Emergency Mandate for Summer Power Generation
In a decisive regulatory intervention issued on March 22, 2026, the Ministry of Power has invoked Section 11 of the Electricity Act, 2003, to preempt a projected energy deficit during the upcoming summer peak. The directive mandates all imported coal-based (ICB) power plants to operate at maximum capacity from April 1, 2026, through June 30, 2026. This emergency measure is aimed at managing an anticipated surge in national power demand, which is projected to reach a record 270 GW this summer. The mandate specifically targets 15 ICB thermal projects, including the 4 GW Coastal Gujarat Power Limited (CGPL) facility—a critical Ultra Mega Power Project (UMPP) located at Mundra—to ensure the stability of the national grid.
Technical Context: Section 11 and Resource Adequacy Plans
Section 11 of the Electricity Act, 2003, is an extraordinary legal provision that empowers the Central Government to issue binding operational directions to generating companies in response to “extraordinary circumstances,” such as threats to national security or the “larger public interest.”
“The Ministry of Power has issued these directions considering the prevailing demand-supply scenario and the requirement for optimal availability of power in the larger public interest.”
This emergency invocation is part of a broader strategic shift toward domestic energy security. It aligns with the Ministry’s long-term “Resource Adequacy Plans” (RAPs), which are 10-year rolling frameworks designed to keep generation capacity ahead of demand. To meet the projected thermal requirement of 307,000 MW by 2034–35, the government has already envisaged the addition of a minimum 97,000 MW of coal and lignite-based capacity.
Operational Directives and Specific Plant Mandates
Under the March 22 directive, generating companies must adhere to strict compliance and reporting standards. The urgency of the mandate is underscored by the fact that while the system has an 18 GW ICB installed capacity, at least seven of the 17 identified ICB units have recently been flagged as having “critical stock” levels, necessitating immediate intervention to ensure availability.
Key Directives:
- Mundra UMPP Restart: The 4 GW Coastal Gujarat Power Limited (Tata Power) facility at Mundra must resume full-capacity operations. The plant’s viability is supported by recently executed supplementary Power Purchase Agreements (PPAs) with Gujarat Urja Vikas Nigam and utilities in Maharashtra, Rajasthan, Punjab, and Haryana.

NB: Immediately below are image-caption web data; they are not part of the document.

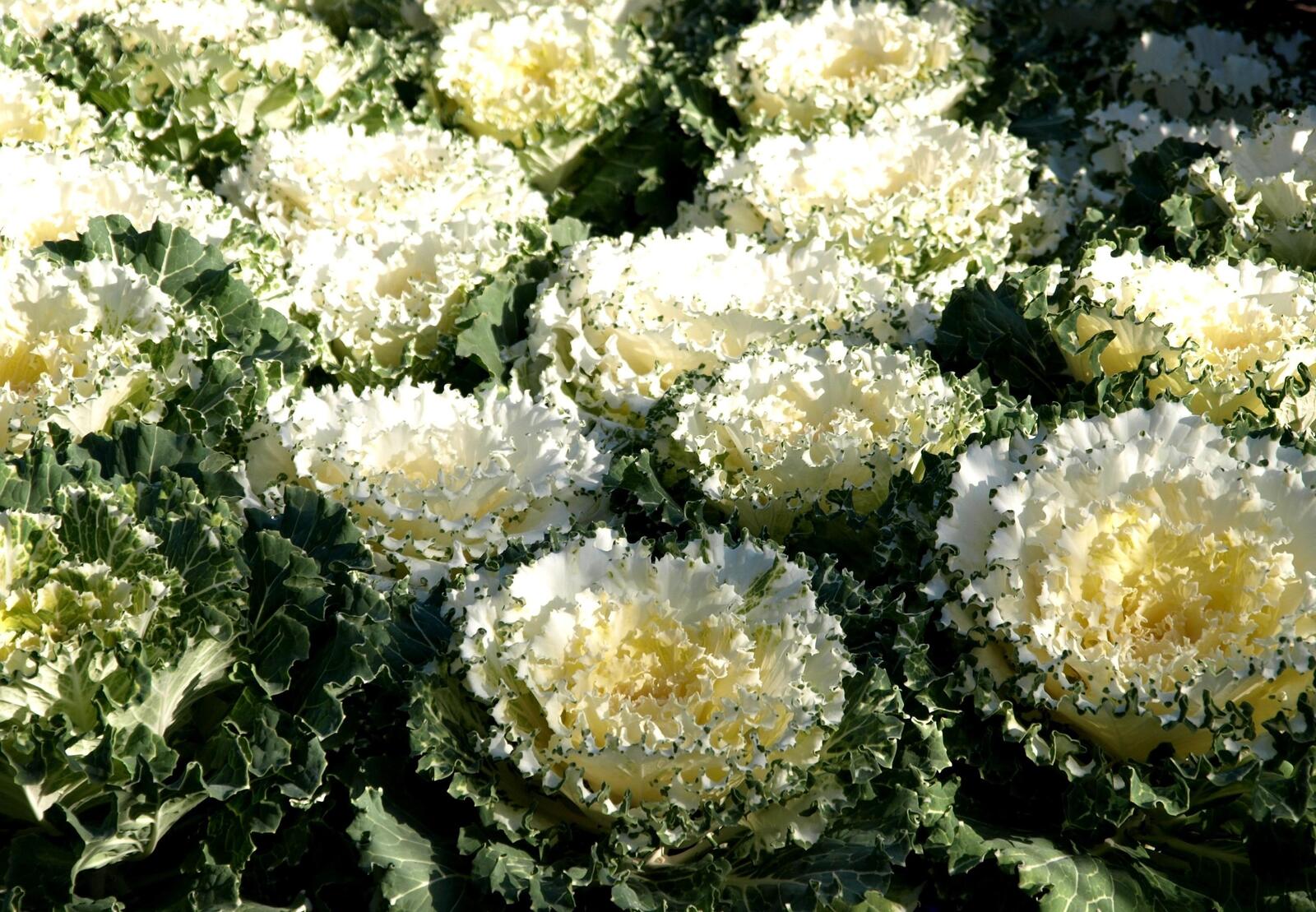 Wallpapers flowerbed greens ornamental cabbage on the desktop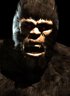 Sasquatch Arcade Mode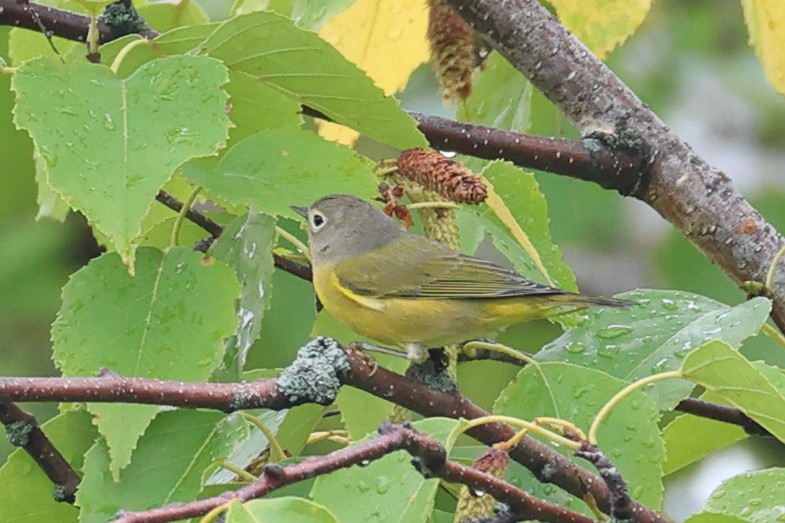 Nashville Warbler - ML642406958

- Inventory Maintenance: Generators are required to maintain coal stocks in strict accordance with extant regulatory norms to prevent forced outages.

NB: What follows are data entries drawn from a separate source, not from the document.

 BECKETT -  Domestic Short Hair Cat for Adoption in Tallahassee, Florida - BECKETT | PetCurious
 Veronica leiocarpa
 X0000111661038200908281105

- Weekly Compliance Reporting: Plants must submit weekly generation and sales data to the Ministry of Power for monitoring.
- Legal Protections: To facilitate compliance, generators operating under this Section 11 mandate will be immune from penalties imposed by procurers for availability deviations under original PPA terms.

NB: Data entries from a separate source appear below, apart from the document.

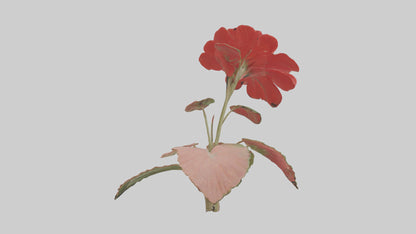 3D model Geranium model VR / AR / low-poly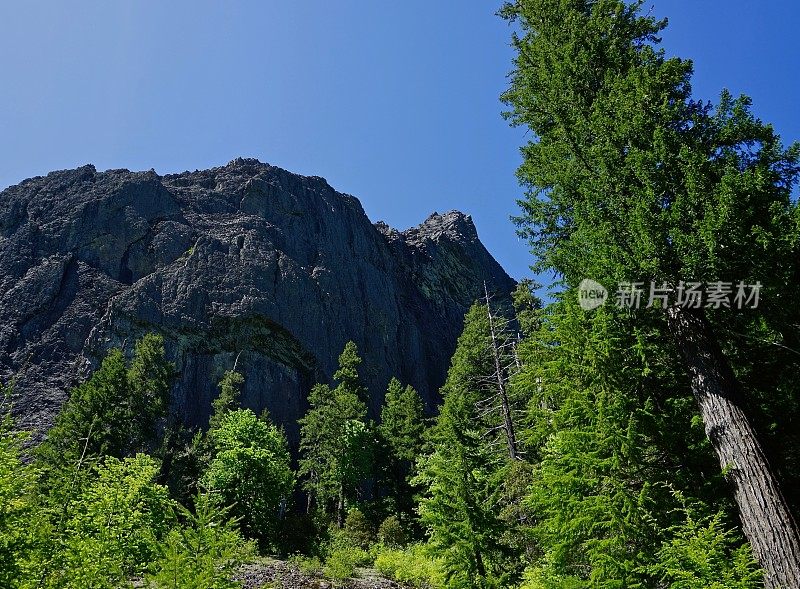 狼岩之光树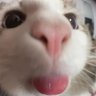 Profilbild von Sarah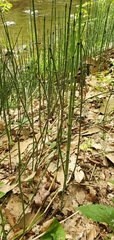 Equisetum hyemale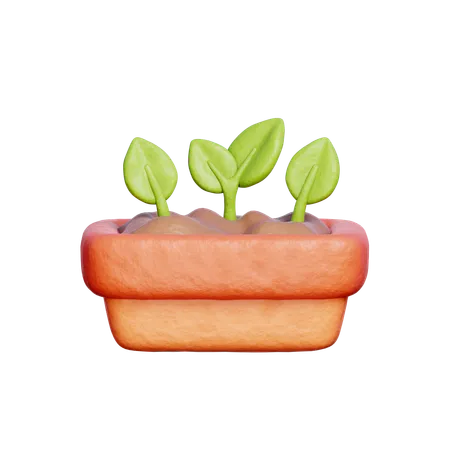 Plantas de jardin  3D Icon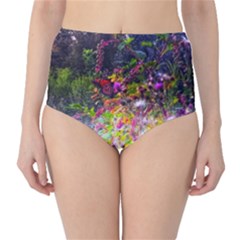 Magic Butterfly Classic High-waist Bikini Bottoms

Identified ICB Thermal Plants Subject to the Directive:
- Coastal Gujarat Power Ltd
- Adani Power Mundra Ltd. (TPS-I & II)
- Adani Power Mundra Ltd. (TPS-III)
- Essar Power Gujarat Ltd.
- JSW Ratnagiri Ltd.
- Tata Trombay Ltd.
- GSECL Sikka Ltd.
- IL&FS Tamilnadu Power Company Ltd.
- Muthiara-Coastal Energen
- Udupi Power
- Simapuri Energy Ltd
- Meenakshi Energy Ltd
- JSW Torangallu-1 & 2
- SEPC Power Private Ltd.
- OPG Generation(P) Ltd.
Tariff Determination Framework
To address the high input costs of imported fuel, the Ministry has established a Benchmark Committee comprising representatives from the Ministry of Power, the Central Electricity Authority (CEA), and NTPC. This committee is tasked with determining rates that ensure cost recovery and a fair return for generators.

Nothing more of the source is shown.